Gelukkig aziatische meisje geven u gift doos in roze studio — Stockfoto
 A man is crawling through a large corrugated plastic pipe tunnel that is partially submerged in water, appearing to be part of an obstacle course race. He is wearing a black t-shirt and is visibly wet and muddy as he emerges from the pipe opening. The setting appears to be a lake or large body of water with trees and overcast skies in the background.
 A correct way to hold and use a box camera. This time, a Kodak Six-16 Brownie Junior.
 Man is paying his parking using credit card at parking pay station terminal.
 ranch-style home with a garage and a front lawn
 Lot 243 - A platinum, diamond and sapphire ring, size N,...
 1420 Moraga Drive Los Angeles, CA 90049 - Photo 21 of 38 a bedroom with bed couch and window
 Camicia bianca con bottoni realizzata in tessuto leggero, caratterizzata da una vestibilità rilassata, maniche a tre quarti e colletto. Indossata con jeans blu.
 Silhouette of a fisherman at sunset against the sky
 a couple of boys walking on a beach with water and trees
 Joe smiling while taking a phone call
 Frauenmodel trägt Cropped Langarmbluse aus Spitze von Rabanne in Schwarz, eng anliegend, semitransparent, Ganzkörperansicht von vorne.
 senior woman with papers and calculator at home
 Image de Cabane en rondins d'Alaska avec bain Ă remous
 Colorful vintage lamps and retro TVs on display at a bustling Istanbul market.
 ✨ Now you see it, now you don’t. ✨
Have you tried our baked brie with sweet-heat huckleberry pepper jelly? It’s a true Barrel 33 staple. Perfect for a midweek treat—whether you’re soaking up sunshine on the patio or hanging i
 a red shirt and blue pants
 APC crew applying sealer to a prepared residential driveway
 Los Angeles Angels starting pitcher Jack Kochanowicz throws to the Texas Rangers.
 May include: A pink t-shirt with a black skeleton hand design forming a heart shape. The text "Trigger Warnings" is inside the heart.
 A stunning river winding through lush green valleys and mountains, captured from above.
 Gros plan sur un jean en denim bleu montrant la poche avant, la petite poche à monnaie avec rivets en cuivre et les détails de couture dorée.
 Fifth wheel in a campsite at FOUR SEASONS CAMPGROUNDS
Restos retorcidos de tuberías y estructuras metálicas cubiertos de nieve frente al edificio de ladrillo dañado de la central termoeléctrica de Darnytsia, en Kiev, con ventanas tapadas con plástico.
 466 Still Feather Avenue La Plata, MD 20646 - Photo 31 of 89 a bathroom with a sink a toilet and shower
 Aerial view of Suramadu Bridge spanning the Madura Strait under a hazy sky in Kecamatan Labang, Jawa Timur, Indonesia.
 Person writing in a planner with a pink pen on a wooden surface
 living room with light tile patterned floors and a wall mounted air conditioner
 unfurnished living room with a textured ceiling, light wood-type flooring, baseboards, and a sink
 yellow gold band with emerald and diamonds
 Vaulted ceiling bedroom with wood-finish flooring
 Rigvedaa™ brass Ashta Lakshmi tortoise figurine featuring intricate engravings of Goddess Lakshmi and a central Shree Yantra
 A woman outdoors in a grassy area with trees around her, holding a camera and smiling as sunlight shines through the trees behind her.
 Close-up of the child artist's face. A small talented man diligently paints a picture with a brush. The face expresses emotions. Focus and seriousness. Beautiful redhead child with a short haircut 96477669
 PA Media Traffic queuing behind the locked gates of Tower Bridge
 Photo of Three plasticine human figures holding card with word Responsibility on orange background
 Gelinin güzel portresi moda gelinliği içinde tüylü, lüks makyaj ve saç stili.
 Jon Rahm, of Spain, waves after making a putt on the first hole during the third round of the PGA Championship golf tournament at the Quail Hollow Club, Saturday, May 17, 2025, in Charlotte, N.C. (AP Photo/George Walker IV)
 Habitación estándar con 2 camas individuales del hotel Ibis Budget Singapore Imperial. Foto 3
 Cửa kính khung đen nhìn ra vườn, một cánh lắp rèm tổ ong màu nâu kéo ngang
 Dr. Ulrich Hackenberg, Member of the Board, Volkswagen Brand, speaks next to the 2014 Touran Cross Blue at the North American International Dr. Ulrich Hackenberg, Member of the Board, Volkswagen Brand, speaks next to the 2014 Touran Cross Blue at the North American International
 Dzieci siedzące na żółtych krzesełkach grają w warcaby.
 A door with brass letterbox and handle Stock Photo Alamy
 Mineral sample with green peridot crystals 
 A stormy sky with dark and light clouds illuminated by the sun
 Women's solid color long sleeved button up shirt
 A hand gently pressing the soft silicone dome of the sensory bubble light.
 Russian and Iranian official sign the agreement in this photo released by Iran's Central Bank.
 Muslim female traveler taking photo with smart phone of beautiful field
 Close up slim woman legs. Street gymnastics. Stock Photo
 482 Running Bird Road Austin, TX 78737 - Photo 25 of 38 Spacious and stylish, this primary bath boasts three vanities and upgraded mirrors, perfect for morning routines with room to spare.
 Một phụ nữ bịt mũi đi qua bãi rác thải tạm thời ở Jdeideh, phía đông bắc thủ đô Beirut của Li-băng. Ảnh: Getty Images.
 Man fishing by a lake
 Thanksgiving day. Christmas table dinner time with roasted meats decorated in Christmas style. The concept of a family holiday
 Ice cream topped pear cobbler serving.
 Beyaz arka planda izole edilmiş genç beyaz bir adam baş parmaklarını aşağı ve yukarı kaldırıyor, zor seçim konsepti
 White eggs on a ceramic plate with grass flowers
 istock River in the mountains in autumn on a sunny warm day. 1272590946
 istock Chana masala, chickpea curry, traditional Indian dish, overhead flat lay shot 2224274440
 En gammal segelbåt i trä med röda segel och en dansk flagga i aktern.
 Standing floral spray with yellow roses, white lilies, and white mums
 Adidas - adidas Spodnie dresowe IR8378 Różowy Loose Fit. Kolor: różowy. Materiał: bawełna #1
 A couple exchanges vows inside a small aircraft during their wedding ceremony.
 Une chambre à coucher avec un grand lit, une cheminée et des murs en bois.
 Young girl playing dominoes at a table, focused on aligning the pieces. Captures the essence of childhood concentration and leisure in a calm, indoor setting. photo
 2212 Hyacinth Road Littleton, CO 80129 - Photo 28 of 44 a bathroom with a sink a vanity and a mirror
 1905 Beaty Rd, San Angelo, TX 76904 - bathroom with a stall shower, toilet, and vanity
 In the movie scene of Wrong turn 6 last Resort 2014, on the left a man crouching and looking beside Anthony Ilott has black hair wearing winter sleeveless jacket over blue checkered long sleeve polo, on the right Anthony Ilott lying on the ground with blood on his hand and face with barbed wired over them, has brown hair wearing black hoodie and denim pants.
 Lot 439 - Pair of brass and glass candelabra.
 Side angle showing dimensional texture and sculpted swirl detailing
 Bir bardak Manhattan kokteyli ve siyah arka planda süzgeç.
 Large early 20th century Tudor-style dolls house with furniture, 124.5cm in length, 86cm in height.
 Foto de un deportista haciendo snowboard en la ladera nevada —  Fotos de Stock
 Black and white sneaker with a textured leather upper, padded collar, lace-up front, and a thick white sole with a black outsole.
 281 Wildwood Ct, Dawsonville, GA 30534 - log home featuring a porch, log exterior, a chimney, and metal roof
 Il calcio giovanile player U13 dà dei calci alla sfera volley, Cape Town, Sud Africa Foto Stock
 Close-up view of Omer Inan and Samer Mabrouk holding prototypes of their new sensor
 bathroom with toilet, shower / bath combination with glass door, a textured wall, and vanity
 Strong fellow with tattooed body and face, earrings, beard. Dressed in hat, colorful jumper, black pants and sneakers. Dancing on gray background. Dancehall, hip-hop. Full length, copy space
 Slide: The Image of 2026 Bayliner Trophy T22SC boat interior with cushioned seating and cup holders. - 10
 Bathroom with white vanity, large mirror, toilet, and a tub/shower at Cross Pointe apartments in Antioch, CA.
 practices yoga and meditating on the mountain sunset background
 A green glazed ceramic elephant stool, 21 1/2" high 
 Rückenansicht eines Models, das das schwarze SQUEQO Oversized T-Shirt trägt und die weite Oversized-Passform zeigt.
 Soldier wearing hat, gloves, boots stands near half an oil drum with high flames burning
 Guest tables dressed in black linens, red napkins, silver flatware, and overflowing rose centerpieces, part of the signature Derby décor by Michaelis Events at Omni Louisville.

• • • •

» **EXERCISE DETAILS**:
In the data above, retype exactly and only the lines between the one holding "Aerial view of" and the one holding "living room with light", inclusive.

» **OUTPUT BELOW**:
 Aerial view of Suramadu Bridge spanning the Madura Strait under a hazy sky in Kecamatan Labang, Jawa Timur, Indonesia.
 Person writing in a planner with a pink pen on a wooden surface
 living room with light tile patterned floors and a wall mounted air conditioner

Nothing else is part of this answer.